The Museum of the Moving Image exhibit features clips from Welcome to Chechnya, an award-winning documentary by David France that uses deepfake technology to conceal the true faces of LGBTQ activists facing persecution in the Russian republic. This allows the viewer to see the emotion of the subjects while still protecting their identities.

The technology has also been used to improve accessibility for those who have lost their voice due to an illness, injury, or disability, such as Lou Gehrig’s disease, Burgund says. VocaliD, for instance, uses AI to recreate the user’s voice from old recordings for text-to-speech technology, or help them pick a voice that best fits their personality from a bank of options. 

[Related: Deepfakes could help us relive history—or rewrite it]
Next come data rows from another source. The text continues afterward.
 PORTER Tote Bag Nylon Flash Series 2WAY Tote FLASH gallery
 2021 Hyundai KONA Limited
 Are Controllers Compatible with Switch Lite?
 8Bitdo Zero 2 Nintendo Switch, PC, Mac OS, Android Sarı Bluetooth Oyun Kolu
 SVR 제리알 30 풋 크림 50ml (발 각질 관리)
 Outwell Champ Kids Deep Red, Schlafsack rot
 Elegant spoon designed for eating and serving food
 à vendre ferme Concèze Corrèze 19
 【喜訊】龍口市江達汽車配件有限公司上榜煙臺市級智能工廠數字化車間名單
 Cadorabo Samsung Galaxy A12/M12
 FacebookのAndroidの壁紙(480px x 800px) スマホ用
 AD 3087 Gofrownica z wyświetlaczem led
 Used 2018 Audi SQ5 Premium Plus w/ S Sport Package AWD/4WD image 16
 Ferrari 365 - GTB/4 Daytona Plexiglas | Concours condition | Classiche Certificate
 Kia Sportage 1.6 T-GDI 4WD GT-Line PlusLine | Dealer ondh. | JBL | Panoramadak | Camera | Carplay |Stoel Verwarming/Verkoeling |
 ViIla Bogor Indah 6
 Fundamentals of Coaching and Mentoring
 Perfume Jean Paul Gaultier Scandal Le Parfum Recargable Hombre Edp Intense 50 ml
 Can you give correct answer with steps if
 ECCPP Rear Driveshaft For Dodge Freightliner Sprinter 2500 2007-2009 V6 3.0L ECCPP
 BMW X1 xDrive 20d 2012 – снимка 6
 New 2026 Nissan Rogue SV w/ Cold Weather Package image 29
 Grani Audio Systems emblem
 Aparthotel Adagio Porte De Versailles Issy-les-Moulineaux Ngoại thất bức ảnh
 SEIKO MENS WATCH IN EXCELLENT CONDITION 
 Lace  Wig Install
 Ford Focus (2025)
While Panetta and Burgund want the viewers of their deepfake to interrogate the origins of the media they encounter, they don’t want the audience to be alarmed to the point of creating a zero-trust society.

“This is not about trying to scare people into not believing anything they see,” Panetta says, “because that is as problematic as the misinformation itself.”

Just like trust in media can be weaponized, distrust in media can be weaponized, too. 

As the exhibit points out, even the theoretical existence of deepfakes results in a “liar’s dividend,” where one can insinuate a real video is a deepfake to sow seeds of doubt.

In 2018, Gabonese President Ali Bongo Ondimba gave a New Year’s address after suffering a stroke and being out of the public eye as a result. His political rivals said that he looked unnatural and pushed the idea that the video was a deepfake. While experts agreed the video seemed off, no one could say for sure it was a deepfake or not, with some attributing the peculiarity of Bongo’s appearance to his poor health. A week later, citing the oddness of the video, his opponents attempted a coup but were unsuccessful. 

Wright says that he and his colleagues have started to see more of these cry-wolf situations in the political sphere than actual deepfakes circulating and causing damage. “There can be deepfakes, but they’re not that commonly used,” he says. “What you need to do is understand the source.”

For anyone who’s inundated with information while scrolling through social media and the news, it’s important to pause and question, “how did this information reach me? Who is disseminating this? And can I trust this source?” Doing that can determine whether a deepfake (or cheapfake) becomes potent misinformation or just another video on the internet.  

Deepfake: Unstable Evidence on Screen will be on display at the Museum of the Moving Image in Queens, New York through May 15, 2022.